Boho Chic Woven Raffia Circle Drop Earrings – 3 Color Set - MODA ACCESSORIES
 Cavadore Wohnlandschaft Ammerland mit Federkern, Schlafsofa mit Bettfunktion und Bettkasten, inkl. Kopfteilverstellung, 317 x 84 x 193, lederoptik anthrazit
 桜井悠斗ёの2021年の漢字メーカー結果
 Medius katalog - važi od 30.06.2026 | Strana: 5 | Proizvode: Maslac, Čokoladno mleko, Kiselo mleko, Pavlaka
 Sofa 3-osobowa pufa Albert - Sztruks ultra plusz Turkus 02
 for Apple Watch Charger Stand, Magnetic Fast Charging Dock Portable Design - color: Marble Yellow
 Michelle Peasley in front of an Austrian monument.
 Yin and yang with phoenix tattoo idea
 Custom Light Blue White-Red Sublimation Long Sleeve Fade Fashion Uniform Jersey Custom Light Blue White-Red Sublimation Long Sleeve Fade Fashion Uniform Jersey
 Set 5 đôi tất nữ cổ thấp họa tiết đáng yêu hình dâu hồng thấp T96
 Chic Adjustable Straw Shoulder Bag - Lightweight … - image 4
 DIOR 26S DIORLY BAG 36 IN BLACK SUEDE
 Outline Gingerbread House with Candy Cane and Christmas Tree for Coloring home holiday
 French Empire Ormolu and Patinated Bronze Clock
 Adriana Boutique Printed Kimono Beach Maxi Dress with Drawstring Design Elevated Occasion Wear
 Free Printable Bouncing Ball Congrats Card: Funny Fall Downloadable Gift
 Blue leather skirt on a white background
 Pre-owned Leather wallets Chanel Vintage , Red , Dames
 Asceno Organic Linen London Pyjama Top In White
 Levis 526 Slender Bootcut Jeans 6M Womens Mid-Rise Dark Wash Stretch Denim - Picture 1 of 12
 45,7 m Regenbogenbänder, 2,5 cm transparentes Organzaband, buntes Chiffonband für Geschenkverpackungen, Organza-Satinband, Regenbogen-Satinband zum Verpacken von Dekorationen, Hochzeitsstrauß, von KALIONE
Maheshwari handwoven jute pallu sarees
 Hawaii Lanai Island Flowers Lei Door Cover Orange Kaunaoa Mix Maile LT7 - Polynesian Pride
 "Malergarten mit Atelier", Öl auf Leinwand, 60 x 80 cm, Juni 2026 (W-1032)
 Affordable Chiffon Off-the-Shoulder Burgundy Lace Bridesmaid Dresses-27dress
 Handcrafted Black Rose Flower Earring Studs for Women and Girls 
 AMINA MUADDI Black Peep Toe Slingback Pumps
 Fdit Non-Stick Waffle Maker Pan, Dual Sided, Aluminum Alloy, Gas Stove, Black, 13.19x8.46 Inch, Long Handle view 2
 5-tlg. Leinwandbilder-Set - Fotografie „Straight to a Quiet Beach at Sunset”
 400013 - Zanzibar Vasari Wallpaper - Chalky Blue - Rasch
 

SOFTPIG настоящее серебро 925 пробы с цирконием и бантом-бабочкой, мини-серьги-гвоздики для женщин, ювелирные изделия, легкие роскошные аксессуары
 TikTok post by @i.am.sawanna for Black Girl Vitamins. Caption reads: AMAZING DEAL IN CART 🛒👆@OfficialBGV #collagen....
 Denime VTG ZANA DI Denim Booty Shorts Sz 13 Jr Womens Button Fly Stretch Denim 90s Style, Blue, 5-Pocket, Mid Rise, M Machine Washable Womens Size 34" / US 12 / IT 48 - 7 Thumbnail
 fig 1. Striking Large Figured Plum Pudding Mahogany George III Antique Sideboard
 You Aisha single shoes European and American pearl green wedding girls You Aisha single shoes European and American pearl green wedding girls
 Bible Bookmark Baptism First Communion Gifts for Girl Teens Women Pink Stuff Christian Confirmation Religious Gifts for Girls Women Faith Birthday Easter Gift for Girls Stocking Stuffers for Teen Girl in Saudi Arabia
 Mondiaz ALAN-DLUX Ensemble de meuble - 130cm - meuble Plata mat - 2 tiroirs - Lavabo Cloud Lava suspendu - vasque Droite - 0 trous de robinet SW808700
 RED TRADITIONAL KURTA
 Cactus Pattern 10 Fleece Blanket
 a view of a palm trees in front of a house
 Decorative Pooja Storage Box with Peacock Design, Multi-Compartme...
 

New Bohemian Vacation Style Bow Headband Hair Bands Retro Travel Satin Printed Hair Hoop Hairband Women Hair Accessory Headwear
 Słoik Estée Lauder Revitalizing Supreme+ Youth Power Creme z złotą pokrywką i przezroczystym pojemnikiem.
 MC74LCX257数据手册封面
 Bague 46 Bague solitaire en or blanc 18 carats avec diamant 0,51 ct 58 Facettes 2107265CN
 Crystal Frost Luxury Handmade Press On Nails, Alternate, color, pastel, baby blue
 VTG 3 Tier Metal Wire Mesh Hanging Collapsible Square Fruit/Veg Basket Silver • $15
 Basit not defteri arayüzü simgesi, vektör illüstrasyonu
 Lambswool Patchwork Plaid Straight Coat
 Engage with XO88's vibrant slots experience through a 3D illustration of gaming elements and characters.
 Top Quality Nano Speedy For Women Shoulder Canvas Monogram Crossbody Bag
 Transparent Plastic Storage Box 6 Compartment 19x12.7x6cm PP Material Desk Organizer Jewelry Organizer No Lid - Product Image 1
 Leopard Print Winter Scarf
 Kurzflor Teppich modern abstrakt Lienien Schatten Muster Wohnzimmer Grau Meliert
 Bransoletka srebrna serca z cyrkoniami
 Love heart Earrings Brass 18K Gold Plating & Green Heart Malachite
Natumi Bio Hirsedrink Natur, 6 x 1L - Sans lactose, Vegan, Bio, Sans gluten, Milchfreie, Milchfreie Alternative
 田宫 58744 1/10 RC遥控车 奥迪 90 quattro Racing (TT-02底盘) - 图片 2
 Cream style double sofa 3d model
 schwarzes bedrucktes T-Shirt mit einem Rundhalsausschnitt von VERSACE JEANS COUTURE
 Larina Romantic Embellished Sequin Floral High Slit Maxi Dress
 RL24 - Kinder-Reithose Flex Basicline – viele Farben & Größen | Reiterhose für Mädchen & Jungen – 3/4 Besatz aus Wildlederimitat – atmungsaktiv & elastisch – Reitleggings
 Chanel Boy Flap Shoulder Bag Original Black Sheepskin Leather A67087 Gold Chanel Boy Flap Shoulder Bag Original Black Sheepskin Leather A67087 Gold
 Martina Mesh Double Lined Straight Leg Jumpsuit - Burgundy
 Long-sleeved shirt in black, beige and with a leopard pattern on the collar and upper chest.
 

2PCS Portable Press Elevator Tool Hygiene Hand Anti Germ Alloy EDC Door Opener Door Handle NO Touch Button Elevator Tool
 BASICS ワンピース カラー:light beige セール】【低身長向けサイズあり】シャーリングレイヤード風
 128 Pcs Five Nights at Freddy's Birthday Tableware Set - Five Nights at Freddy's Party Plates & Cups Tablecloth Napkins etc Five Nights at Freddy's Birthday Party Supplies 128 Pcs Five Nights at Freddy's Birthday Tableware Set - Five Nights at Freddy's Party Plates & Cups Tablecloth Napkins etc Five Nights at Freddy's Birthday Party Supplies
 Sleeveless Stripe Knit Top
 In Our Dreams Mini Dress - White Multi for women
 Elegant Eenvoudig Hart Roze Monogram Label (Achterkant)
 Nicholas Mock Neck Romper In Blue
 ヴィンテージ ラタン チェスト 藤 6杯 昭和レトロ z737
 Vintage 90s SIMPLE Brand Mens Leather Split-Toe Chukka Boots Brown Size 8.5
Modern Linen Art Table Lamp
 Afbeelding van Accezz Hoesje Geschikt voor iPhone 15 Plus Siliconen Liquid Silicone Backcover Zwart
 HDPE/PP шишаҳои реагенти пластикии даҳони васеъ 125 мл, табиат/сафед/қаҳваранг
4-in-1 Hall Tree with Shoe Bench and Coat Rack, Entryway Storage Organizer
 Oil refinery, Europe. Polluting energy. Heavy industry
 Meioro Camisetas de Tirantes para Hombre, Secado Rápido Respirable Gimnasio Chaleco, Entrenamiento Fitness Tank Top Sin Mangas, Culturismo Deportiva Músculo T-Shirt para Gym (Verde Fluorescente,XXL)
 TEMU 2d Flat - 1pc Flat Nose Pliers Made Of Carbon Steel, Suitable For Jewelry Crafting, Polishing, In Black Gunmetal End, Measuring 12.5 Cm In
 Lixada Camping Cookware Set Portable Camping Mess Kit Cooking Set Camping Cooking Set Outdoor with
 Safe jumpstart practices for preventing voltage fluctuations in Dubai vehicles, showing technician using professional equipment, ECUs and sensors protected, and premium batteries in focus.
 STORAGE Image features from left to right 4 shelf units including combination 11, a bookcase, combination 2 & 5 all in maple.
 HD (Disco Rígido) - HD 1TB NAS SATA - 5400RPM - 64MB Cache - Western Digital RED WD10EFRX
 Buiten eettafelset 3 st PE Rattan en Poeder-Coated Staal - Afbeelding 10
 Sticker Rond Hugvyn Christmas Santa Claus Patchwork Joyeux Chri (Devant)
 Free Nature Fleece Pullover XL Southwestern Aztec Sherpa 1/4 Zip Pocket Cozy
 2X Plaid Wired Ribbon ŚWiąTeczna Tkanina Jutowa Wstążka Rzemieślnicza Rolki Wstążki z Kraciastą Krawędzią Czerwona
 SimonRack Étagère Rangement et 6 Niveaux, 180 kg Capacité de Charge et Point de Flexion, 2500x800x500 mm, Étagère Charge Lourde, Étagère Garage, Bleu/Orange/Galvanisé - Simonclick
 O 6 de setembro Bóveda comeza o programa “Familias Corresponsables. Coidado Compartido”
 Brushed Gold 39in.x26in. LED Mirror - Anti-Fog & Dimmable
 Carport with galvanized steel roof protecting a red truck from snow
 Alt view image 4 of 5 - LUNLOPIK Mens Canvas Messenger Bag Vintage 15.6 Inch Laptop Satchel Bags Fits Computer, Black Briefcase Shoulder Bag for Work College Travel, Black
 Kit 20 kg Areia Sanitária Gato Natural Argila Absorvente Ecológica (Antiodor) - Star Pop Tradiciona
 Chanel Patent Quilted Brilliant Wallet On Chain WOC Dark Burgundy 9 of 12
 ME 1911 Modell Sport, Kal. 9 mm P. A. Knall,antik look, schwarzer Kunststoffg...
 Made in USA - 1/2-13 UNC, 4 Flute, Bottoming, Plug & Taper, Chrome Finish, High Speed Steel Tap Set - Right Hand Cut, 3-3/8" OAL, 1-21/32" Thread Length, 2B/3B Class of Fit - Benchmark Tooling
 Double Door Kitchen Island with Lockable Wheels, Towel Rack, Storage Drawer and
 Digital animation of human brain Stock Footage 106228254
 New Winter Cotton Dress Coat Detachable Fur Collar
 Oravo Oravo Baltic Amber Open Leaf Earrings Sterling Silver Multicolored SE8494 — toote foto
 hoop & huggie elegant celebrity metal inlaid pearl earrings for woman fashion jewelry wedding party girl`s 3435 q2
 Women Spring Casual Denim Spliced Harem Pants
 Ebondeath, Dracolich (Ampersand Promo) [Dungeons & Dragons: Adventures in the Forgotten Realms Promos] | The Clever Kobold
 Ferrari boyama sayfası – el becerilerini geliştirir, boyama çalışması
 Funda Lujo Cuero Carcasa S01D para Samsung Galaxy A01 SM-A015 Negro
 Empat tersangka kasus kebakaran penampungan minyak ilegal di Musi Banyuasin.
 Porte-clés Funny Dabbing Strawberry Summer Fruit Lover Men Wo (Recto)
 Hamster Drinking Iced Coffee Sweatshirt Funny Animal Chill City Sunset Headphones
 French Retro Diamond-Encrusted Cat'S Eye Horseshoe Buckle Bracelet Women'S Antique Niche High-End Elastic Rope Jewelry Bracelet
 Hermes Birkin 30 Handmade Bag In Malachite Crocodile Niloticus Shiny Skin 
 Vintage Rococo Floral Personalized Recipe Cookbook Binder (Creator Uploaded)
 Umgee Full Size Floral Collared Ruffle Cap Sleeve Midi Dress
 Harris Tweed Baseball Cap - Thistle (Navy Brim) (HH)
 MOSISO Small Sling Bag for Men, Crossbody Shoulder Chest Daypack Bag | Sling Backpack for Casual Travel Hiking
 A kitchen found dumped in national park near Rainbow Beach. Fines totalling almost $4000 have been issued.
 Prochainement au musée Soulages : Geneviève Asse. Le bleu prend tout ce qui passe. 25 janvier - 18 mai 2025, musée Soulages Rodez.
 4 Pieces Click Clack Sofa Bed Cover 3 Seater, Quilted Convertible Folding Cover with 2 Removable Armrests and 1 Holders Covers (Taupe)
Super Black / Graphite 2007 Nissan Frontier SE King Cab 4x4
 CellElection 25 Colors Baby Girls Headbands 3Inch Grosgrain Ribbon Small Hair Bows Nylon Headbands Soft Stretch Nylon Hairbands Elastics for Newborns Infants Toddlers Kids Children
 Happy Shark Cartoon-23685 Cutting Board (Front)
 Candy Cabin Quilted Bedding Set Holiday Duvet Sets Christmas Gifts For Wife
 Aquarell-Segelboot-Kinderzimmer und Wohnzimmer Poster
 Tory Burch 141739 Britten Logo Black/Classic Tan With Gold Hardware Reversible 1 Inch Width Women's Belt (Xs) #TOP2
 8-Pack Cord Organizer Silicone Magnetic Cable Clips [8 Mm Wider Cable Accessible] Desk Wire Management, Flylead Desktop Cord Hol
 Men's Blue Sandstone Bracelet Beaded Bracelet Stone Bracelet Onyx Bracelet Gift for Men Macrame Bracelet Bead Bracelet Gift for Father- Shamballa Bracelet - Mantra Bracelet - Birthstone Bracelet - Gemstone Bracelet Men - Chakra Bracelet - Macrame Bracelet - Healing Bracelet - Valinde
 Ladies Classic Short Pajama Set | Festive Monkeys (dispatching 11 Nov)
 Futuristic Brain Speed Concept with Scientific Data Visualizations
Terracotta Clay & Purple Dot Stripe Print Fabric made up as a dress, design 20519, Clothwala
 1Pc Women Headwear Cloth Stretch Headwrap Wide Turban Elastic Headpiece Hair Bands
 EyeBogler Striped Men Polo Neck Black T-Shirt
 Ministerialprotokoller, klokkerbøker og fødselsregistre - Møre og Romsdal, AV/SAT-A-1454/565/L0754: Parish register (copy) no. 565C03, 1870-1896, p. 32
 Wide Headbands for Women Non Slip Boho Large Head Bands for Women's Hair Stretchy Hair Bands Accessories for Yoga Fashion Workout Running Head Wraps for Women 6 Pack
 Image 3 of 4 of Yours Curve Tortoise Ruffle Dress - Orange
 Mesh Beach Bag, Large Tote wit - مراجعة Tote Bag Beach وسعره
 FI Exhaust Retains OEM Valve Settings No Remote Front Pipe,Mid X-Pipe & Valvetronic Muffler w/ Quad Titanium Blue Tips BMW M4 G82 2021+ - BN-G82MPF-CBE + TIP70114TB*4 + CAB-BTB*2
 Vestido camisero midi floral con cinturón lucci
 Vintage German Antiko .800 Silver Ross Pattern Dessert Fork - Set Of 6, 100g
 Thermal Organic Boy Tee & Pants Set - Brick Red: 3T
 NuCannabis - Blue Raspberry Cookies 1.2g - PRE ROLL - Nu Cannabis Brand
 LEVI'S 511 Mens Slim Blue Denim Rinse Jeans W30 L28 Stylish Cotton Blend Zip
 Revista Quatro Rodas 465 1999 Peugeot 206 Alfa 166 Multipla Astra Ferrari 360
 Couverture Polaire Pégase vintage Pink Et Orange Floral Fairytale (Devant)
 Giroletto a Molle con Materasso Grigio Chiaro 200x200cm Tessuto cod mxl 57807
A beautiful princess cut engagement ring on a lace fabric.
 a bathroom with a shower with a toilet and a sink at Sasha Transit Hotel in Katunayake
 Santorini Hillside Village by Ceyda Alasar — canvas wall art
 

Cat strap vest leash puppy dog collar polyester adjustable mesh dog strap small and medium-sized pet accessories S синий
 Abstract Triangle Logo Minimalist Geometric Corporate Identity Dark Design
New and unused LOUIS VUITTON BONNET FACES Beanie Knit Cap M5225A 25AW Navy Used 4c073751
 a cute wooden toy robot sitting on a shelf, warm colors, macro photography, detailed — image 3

▶ Exercise prompt
Each line that mentions the string "Retro" must be copied from the listing.

▶ Expected output
New Bohemian Vacation Style Bow Headband Hair Bands Retro Travel Satin Printed Hair Hoop Hairband Women Hair Accessory Headwear
 French Retro Diamond-Encrusted Cat'S Eye Horseshoe Buckle Bracelet Women'S Antique Niche High-End Elastic Rope Jewelry Bracelet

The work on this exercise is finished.